Phase Load Purpose Output
1. Research Orchestrator + sub-agents (exploration) Understand system, find files, trace data flows Research progress file
2. Plan Architect + PM (if needed) + relevant skill(s) Specify every change: files, snippets, tests Implementation plan progress file
3. Implement Software Engineer + QA + skill(s) Execute the plan; code, tests Working code + test results

Key rules:

  • Each phase starts with a fresh context window, loading only the previous phase's progress file.
  • Human reviews and approves the progress file before the next phase begins.
  • Sub-agents primarily provide context isolation — they search, read, and return concise findings.
  • If implementation is large, compact mid-phase: update the plan progress file with completed steps and continue in a fresh context.

Unloading

Since tokens can't be literally removed from context:

  1. Phase transitions — summarize completed phase output into memory/ and start a new conversation for the next phase.
  2. Within a conversation — stop referencing the agent/skill; the orchestrator mentally notes it's no longer active.

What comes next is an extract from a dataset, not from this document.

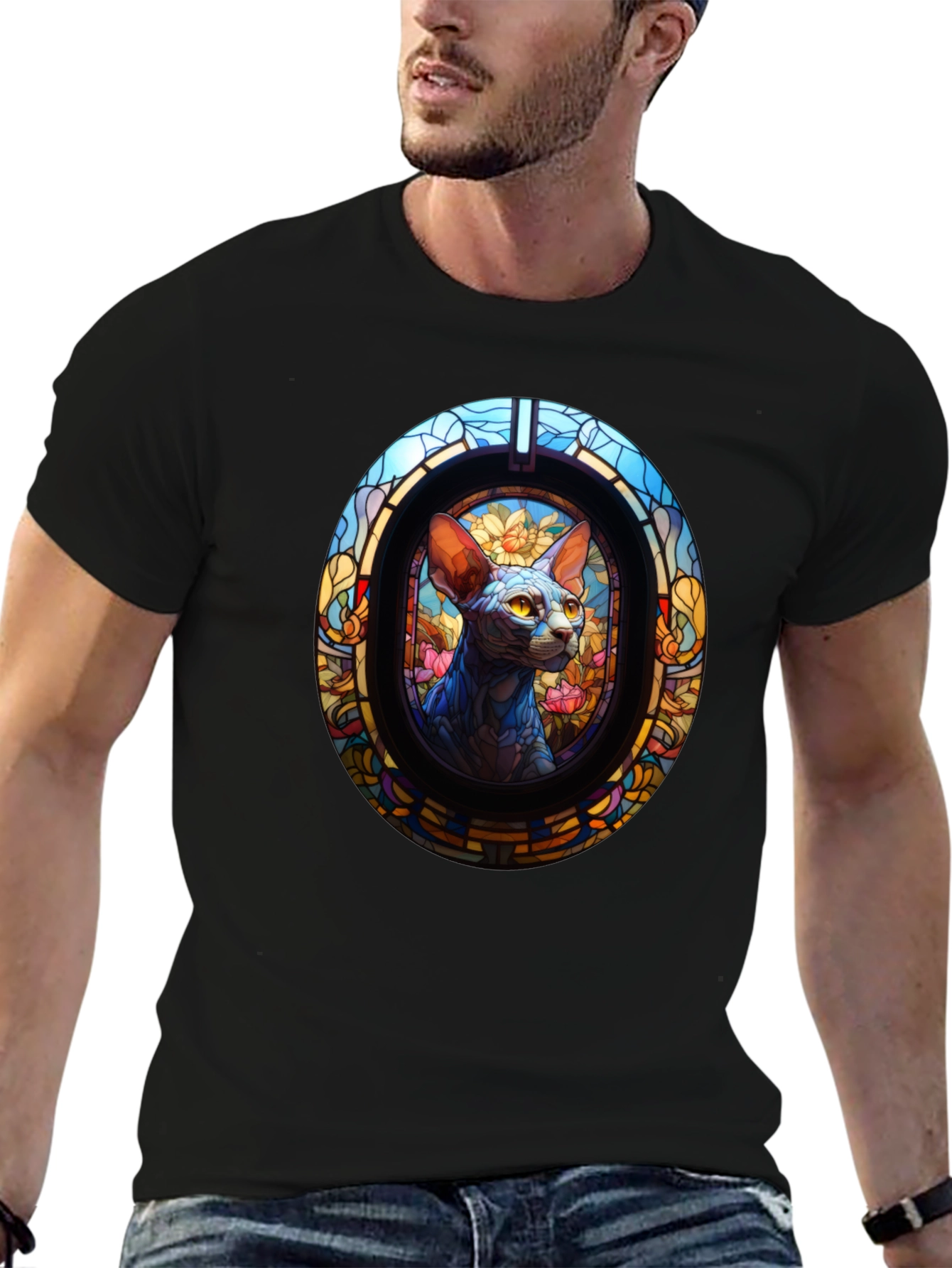 Black Stained Glass Cat T-Shirt view 6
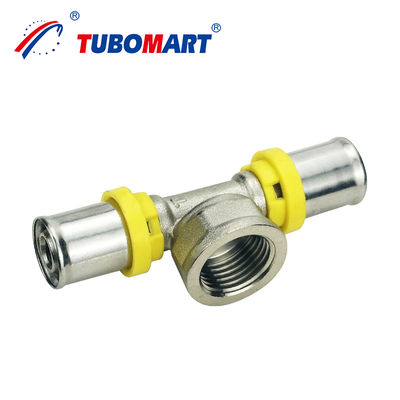 Tubomart OEM PEX AL PEX पाइप फिटिंग गैस मल्टीलेयर पाइप फिटिंग TH शैली पीतल प्रेस फिटिंग गैस प्रणाली के लिए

Use the Context Summarization skill to compress stale content.
  3. Multi-turn accumulation — when conversation history crosses 30% utilization, trigger summarization before loading additional agents.

Anti-patterns

  • Loading all agents upfront — wastes tokens before any work begins. Load only the primary agent.
  • Loading all of an agent's skills — most are irrelevant to the specific request.
  • Never unloading — context grows monotonically until hallucination risk. Summarize and phase-transition.
  • Loading agents "just in case" — adds cost without value. Load on demand when the phase begins.

Output

Loading plan as one table: selected agents + skills, token costs, estimated total, and utilization percentage against the 40% ceiling. No narration.